В воскресный день на работу нас не гоняли. С утра порядок дня тот же: на «физзарядку», бегом марш; на завтрак, бегом марш! Делали уборку в арестантском корпусе, в камерах, в полицейском корпусе и во дворе. Изредка ходили в баню. Мылись холодной водой просто из колодца. Для подачи воды из колодца был сделан конный привод, но лошадей в Березе не было, и привод крутили люди. Одни крутили, другие мылись. На обед, как всегда, давали пол-литра жиденькой болтушки, а хлеб, выданный еще с утра на весь день, съедался с кофе за завтраком. Пообедал — все равно что и не обедал. После обеда еще немного упражнений и команда: «По камерам, бегом марш!» В каждой из них находилось по 40 человек. Пол был цементный. Арестованный имел право отдыхать, сидеть или спать в нерабочий день на полу против своего матраца, но не имел права переходить в другое место или гулять по камере. В камере должна была стоять мертвая тишина.
А на деле... Дежурный полицейский был один на весь коридор длиною около ста метров. Когда мы замечали, что он удаляется от нас, в камере начинался тихий разговор. Если полицейский заходил в камеру, дежурный подавал команду «смирно». Все вставали, он осматривал камеру и молча уходил. Иногда спрашивал:
— Кто разговаривал?
Люди, конечно, молчали. Тогда он командовал:
— Ложись! Встань!
И так в течение получаса повторял раз сто. Потом шел в другую камеру.
В Березе не всегда и ночь была спокойной. Однажды после воскресного отдыха ночью во всех камерах раздались крики полицейских: «Смирно!» Все вскочили на ноги, и каждый стал перед своим матрацем. Команда: «Раздеваться наголо, ревизия». Все разделись. Снова команда: «В коридор, бегом марш!» А в коридоре по обе стороны стояли полицейские с палками. Они стали гонять людей и избивать. Так продолжалось около часа.

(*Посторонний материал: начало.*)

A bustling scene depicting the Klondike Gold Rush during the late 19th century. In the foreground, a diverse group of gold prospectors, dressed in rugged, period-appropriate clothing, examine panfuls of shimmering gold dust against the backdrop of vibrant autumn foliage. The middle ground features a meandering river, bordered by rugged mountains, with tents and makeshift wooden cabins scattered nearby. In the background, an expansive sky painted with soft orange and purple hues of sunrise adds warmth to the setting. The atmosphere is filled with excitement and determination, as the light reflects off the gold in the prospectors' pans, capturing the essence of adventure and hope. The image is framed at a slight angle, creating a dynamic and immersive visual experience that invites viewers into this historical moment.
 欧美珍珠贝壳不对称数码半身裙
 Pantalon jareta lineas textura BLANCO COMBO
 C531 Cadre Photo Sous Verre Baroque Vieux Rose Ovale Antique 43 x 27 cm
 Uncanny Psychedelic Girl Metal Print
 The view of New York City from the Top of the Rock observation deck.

Обычно радостный для узников день освобождения из концлагеря был для меня самым тяжелым. Это случилось 1 ноября. Греффнер вызвал меня в канцелярию и приказал полицейским выдать мне мою одежду. Меня завели в подвал, и тут началось «переодевание». Марковский и Сивик подошли с двух сторон, и удары кулаков, а потом дубинок обрушились на мою голову. «Ну и бейте,— думал я,— черт с вами, не поддамся, не позволю, чтобы вы надо мной смеялись. Только бы устоять. Если упаду — будет худо: начнут колотить сапогами, тогда не встать».
Из левого уха пошла кровь. Заметил это Марковский, ударил по правому уху и говорит:
— Ты думаешь домой? Нет, в тюрьму отправим!
Меня вывели во двор, начались новые мучения.
Полицейские, встав друг против друга на расстоянии примерно 100—120 метров, посылали меня один к другому по команде «бегом марш, доложи!». Только подбегаю к одному, хочу доложить, он, не слушая меня, ударом дубинки отправляет бегом к другому.
Так мучили до вечера.
После ужина вернулись ко мне, Марковский сказал:
— Снимай туфли.
Я снял. Они положили меня поперек стола и стали бить по пяткам резиновыми палками. Я стиснул от боли зубы. Сколько меня били — не знаю. Помню только, что в тот же день меня снова отправили на станцию, а оттуда — в ковельскую тюрьму.